- [Task item]: Please return the listing below word for word, minus its pictures.
──────
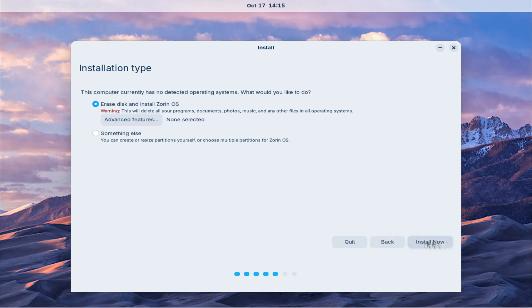When you reach the installation type screen, select the second option, something else. This option allows us to manually partition our disk. Start by creating a new partition table.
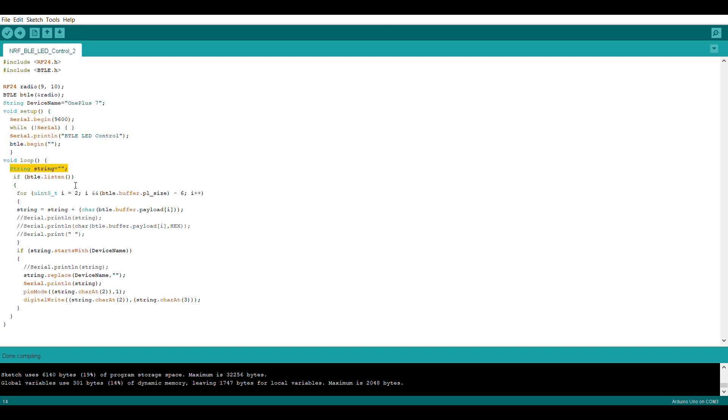Now in setup, we started a serial communication and we started BTLE service as well. Now in loop, we created a string to store the data. And if BTLE will listen to our advertisement, then it will convert the payload into characters and save the data in the string variable.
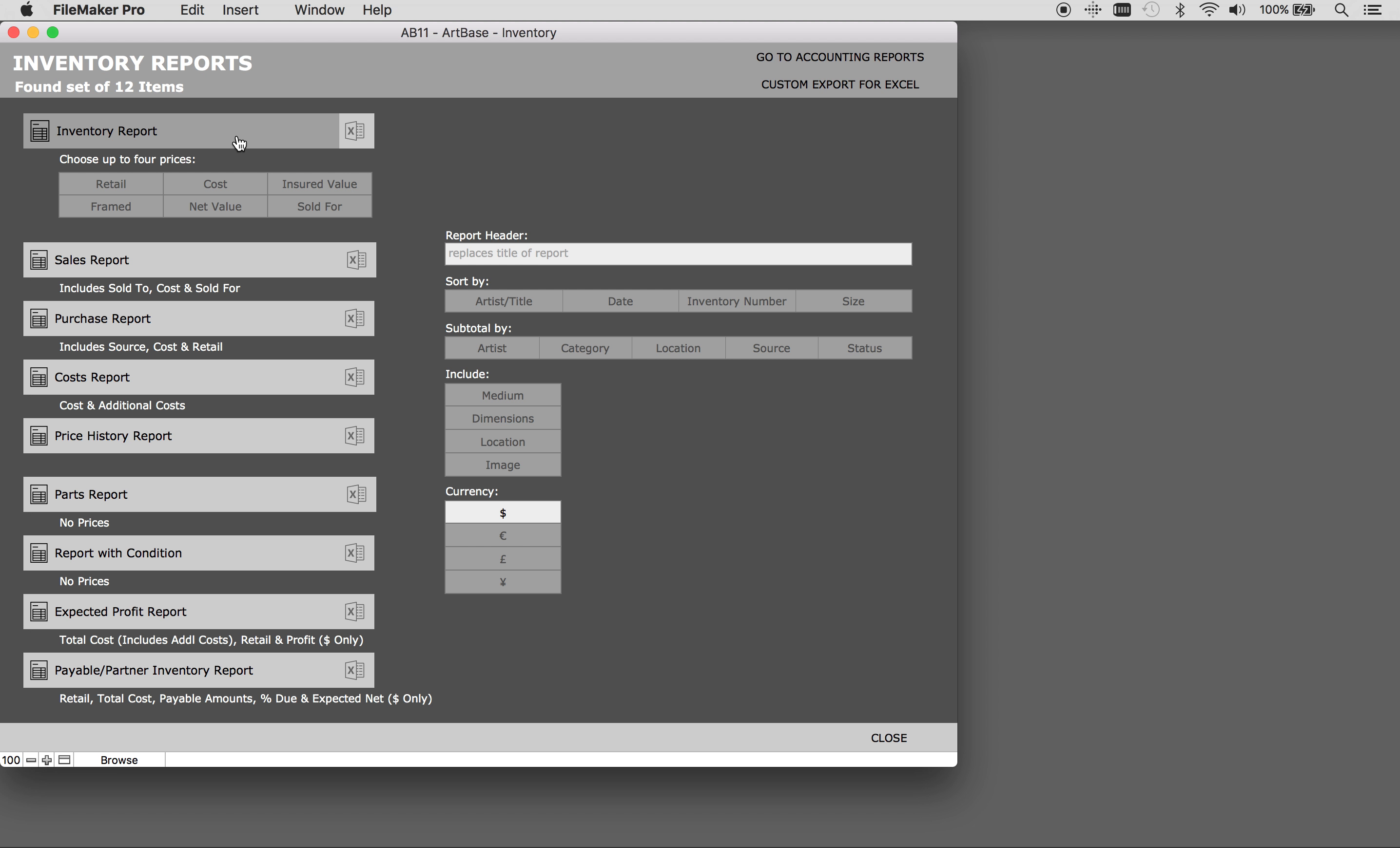Under inventory report there is the option to choose which financial details are printed on a particular report. You can choose up to four options to print. The order the prices are chosen are also the order in which they will print on the report.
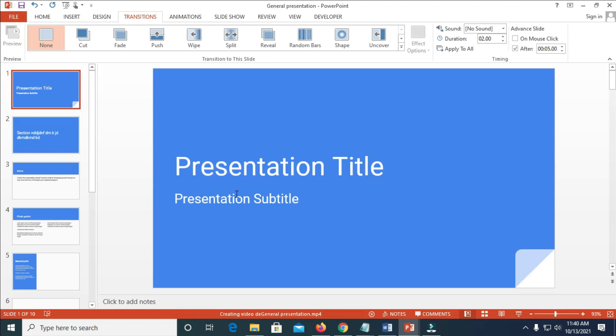Right now, as you can see, creating video, the general presentation is MP4. Let's give it time for it to load. Right now, it has done converting to MP4.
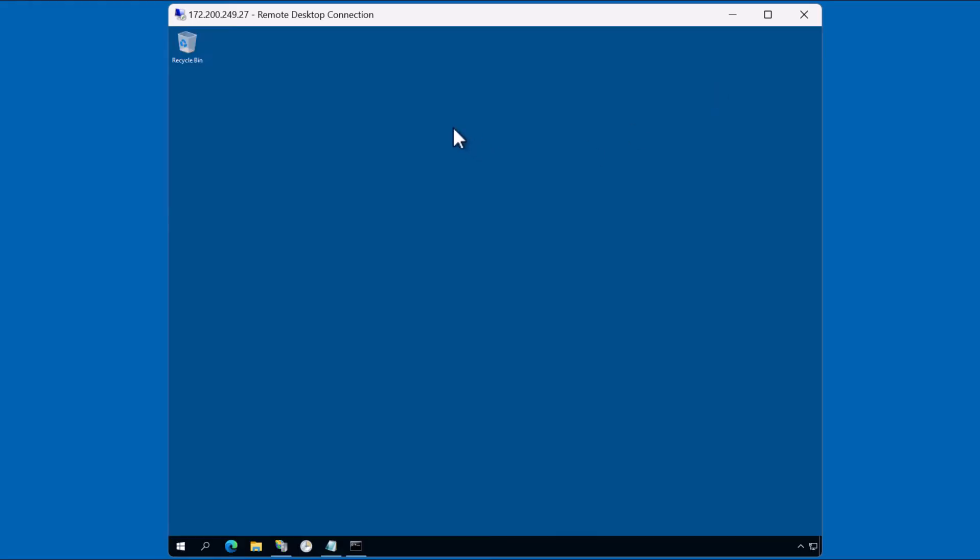Well, that's it for this demonstration of how to install a free certificate on an IIS web server. Thanks for watching. Hope to see you again soon.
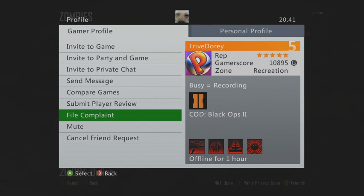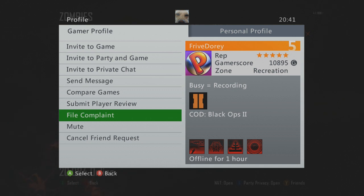After you've sent a friend request and filed a complaint, make sure you delete the friend request, otherwise they'll cancel each other out. Thanks for watching — please rate, comment, and subscribe. Make sure you share this video with friends who've been banned, or if you've been banned yourself.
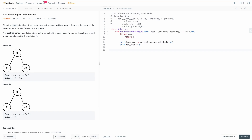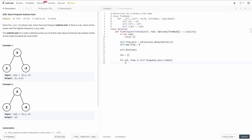Now we call our DFS function, passing in the root, which will perform a post-order traversal building out all the sums. After the DFS, we iterate over `self.frequency_dict.items()` — for each value-frequency pair, if the frequency equals `self.max_frequency`, we append that value to our result array. At the end, we return the result array.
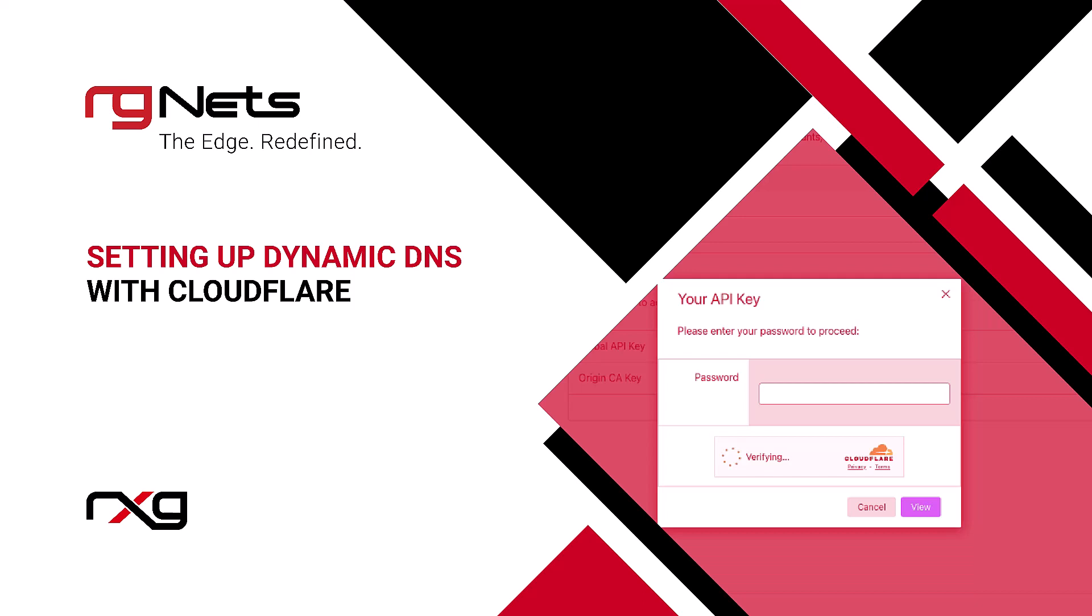Hello everyone! In this video, we demonstrate how to set up Dynamic DNS on the RxG using Cloudflare.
──────
- [Solution]:
When you reach the installation type screen, select the second option, something else. This option allows us to manually partition our disk. Start by creating a new partition table.
Now in setup, we started a serial communication and we started BTLE service as well. Now in loop, we created a string to store the data. And if BTLE will listen to our advertisement, then it will convert the payload into characters and save the data in the string variable.
Under inventory report there is the option to choose which financial details are printed on a particular report. You can choose up to four options to print. The order the prices are chosen are also the order in which they will print on the report.
Right now, as you can see, creating video, the general presentation is MP4. Let's give it time for it to load. Right now, it has done converting to MP4.
Well, that's it for this demonstration of how to install a free certificate on an IIS web server. Thanks for watching. Hope to see you again soon.
After you've sent a friend request and filed a complaint, make sure you delete the friend request, otherwise they'll cancel each other out. Thanks for watching — please rate, comment, and subscribe. Make sure you share this video with friends who've been banned, or if you've been banned yourself.
Now we call our DFS function, passing in the root, which will perform a post-order traversal building out all the sums. After the DFS, we iterate over `self.frequency_dict.items()` — for each value-frequency pair, if the frequency equals `self.max_frequency`, we append that value to our result array. At the end, we return the result array.
Hello everyone! In this video, we demonstrate how to set up Dynamic DNS on the RxG using Cloudflare.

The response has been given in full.